Game 5 was a tough, back-and-forth contest that went (almost)
to the wire. Sacramento was the better team in the first half, and the Monarchs went to the locker room with an eight point lead.
"Coach (Bill Laimbeer) was very mad at us at halftime,”
Deanna Nolan said. “We weren’t diving for loose balls, we were making too many turnovers. He thought we just gave up."
Nolan, who had been just 4 for 13 in the first half, came out and hit her first five shots. (When she's on,
she's really on.) Detroit's furious run that
quickly replaced the deficit with a lead. The sold-out Joe Louis crowd started rocking.
In the final minutes, the Monarchs put together
a comeback, pulling to within one possession with
33 seconds left. But Katie Smith, the first player to win titles in the ABL and WNBA, hit a jumper to ice the game. “I knew I was going to find a shot and knock it down,”
she said. “I knew that it was over after it went though. It was a great feeling. This series was a lot of fun.”
Sacramento was left wondering what happened -- how did things go
so wrong again in the second half? Paul reports that over the course of the series, the Monarchs won the first half by 37 points, but Detroit won the second by 28. Sacto had a first half rebounding advantage of 16, but a second half deficit of 37.
After the game, fingers began to point. Bee columnist Ailene Voison lays the blame squarely
at Ticha's feet.
Starting point guards on defense-oriented teams can't shoot 29 percent in a best-of-five series championship series. Those days are history.
She says Whisenant should have played Haynie more, and she wonders whether the Monarchs should bring Penicheiro back next year.
For his part,
Coach Whiz blamed some players, including DeMya Walker, who didn't warm up properly at half time. "It's too late after the fact to go out a little bit stiff because you don't get out of the locker room soon enough." Walker had no points and three turnovers in the second half.
Nolan took home the MVP.
She finished with 24 points, 4 assists, 4 boards, 2 blocks, and 2 steals. "She's extremely talented, can jump waist-high and shoots the mid-range jumper as well as anybody in the WNBA,"
Whisenant said.
But this championship
belongs to Smith more than anyone.

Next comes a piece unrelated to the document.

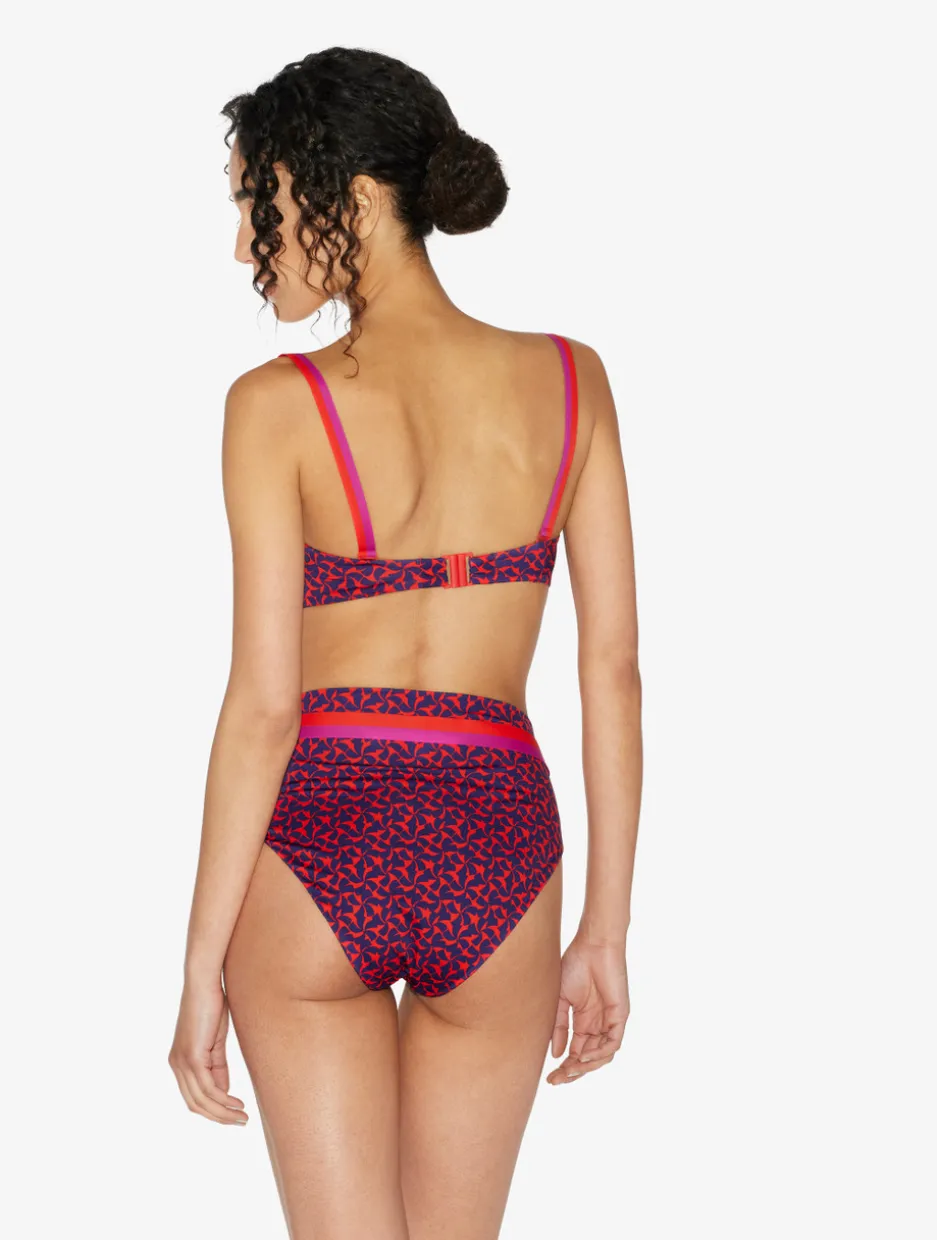 High-waisted Belted Bikini Briefs In Red And Blue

After the game, she spoke with Voepel and
reflected on her career.
It's important to never forget where this game came from. To give the mindset to the younger generation: Don't take it for granted. Don't just expect this is going to be here forever and it will keep growing and growing. You have to keep this thing moving.
As Voepel says, no one has done that better than Katie Smith.